**PROMPT:**
Repeat each line of the material below exactly as it appears, minus any pictures.
((
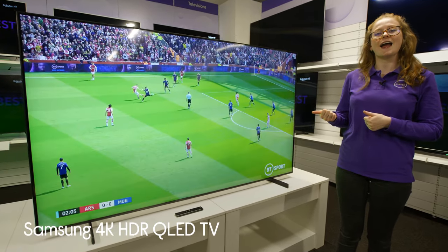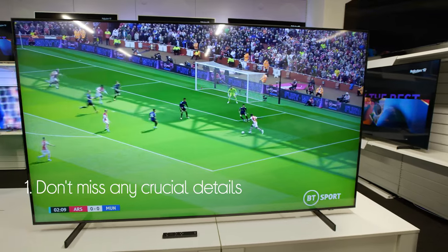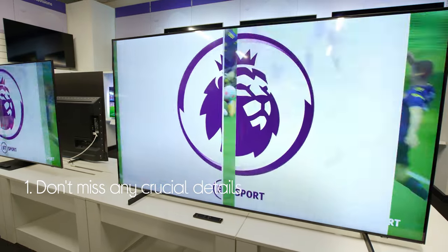Let's take a look at the Samsung 4K HDR QLED TV. It makes sure you don't miss any crucial details, even in really dark or super bright scenes where they can sometimes get lost.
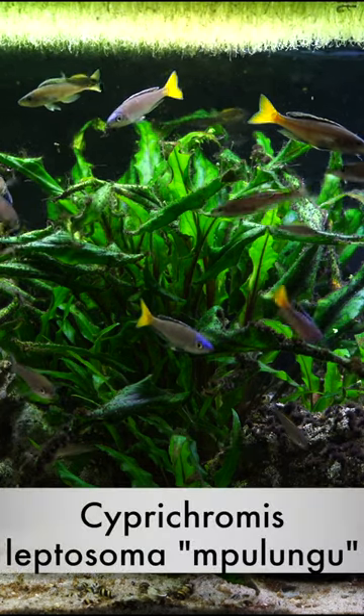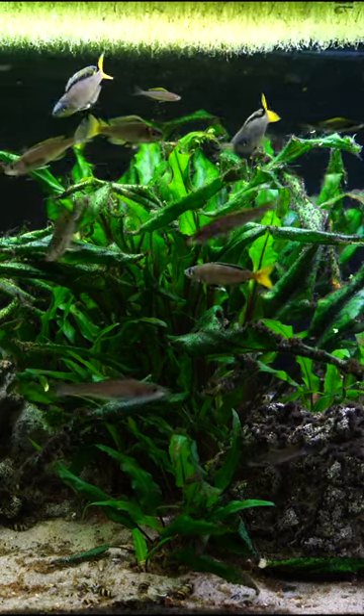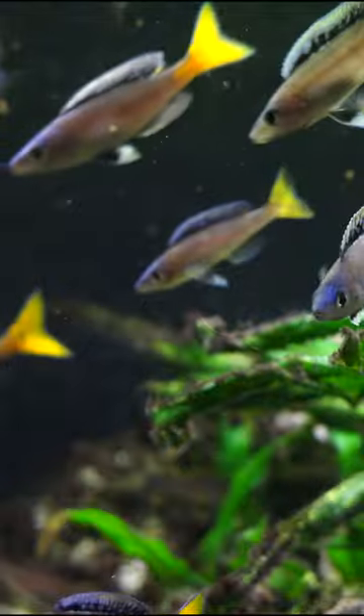This is Cyprichromis leptosoma. It is such a cool fish from Lake Tanganyika. It is a cichlid, and what I love about these fish is they are open water swimmers and they have amazing color.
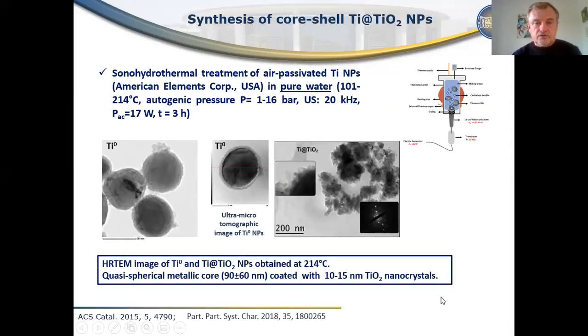We studied, as a catalyst, titanium/titanium oxide core-shell nanoparticles. These core-shell nanoparticles can be prepared from commercially available titanium nanoparticles by sonohydrothermal treatment in pure water. Sonohydrothermal treatment was developed in our laboratory — it means simultaneous hydrothermal and ultrasonic treatment. The graphical sketch of this reactor you can see on this slide, and the ultrasonic horn is directly inserted inside the hydrothermal reactor.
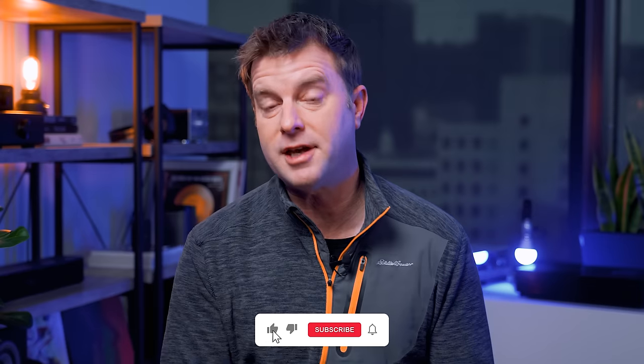Welcome back everyone, I'm Caleb Denison. Today I want to talk about MLA, or micro lens array technology. I'm sorry there's another TV acronym to learn and remember, but that's the TV tech biz. Here I am trying to make it easier to understand. Good news is it's actually pretty clever and effective, so let's talk about what it is, how it works, where you can get it, and whether it's worth spending a little extra to get.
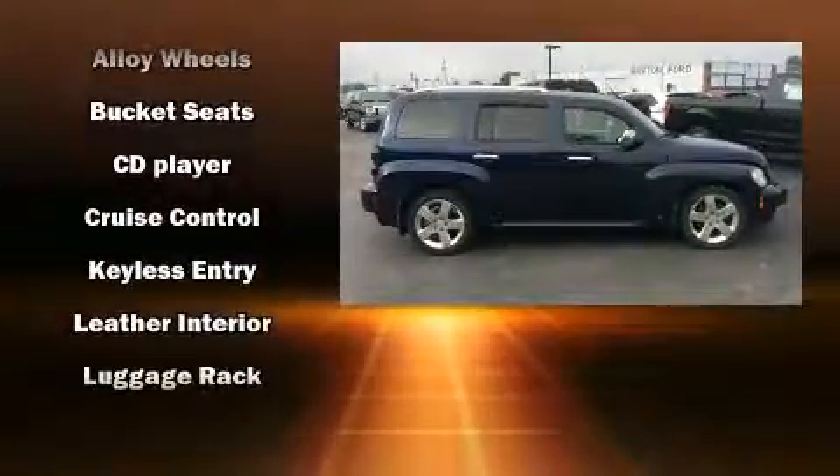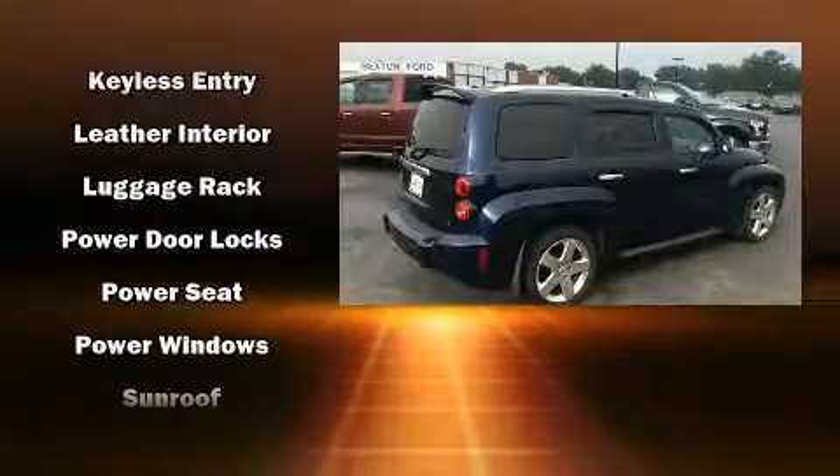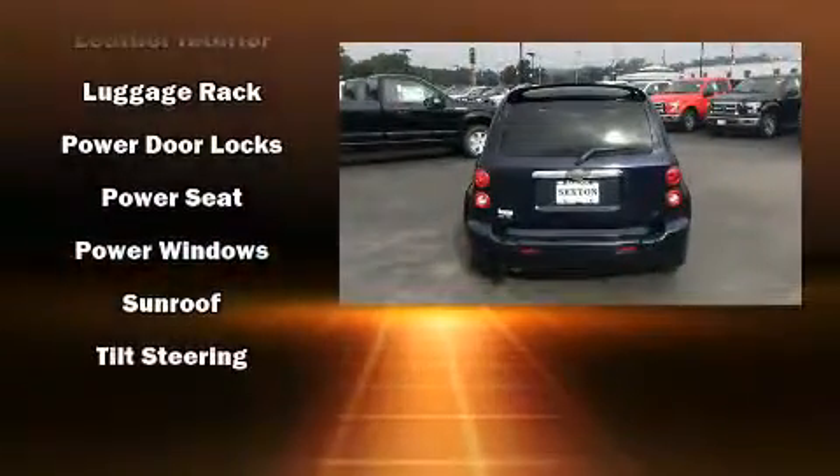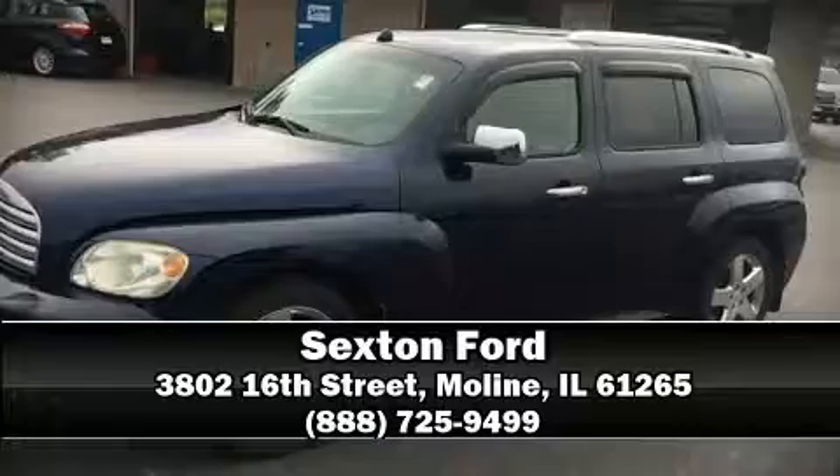Chevrolet prioritized practicality, efficiency, and style by including front and rear reading lights, speed-sensitive wipers, an outside temperature display, and more. Please don't hesitate to give us a call.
))
**EXPECTED OUTPUT:**
Let's take a look at the Samsung 4K HDR QLED TV. It makes sure you don't miss any crucial details, even in really dark or super bright scenes where they can sometimes get lost.
This is Cyprichromis leptosoma. It is such a cool fish from Lake Tanganyika. It is a cichlid, and what I love about these fish is they are open water swimmers and they have amazing color.
We studied, as a catalyst, titanium/titanium oxide core-shell nanoparticles. These core-shell nanoparticles can be prepared from commercially available titanium nanoparticles by sonohydrothermal treatment in pure water. Sonohydrothermal treatment was developed in our laboratory — it means simultaneous hydrothermal and ultrasonic treatment. The graphical sketch of this reactor you can see on this slide, and the ultrasonic horn is directly inserted inside the hydrothermal reactor.
Welcome back everyone, I'm Caleb Denison. Today I want to talk about MLA, or micro lens array technology. I'm sorry there's another TV acronym to learn and remember, but that's the TV tech biz. Here I am trying to make it easier to understand. Good news is it's actually pretty clever and effective, so let's talk about what it is, how it works, where you can get it, and whether it's worth spending a little extra to get.
Chevrolet prioritized practicality, efficiency, and style by including front and rear reading lights, speed-sensitive wipers, an outside temperature display, and more. Please don't hesitate to give us a call.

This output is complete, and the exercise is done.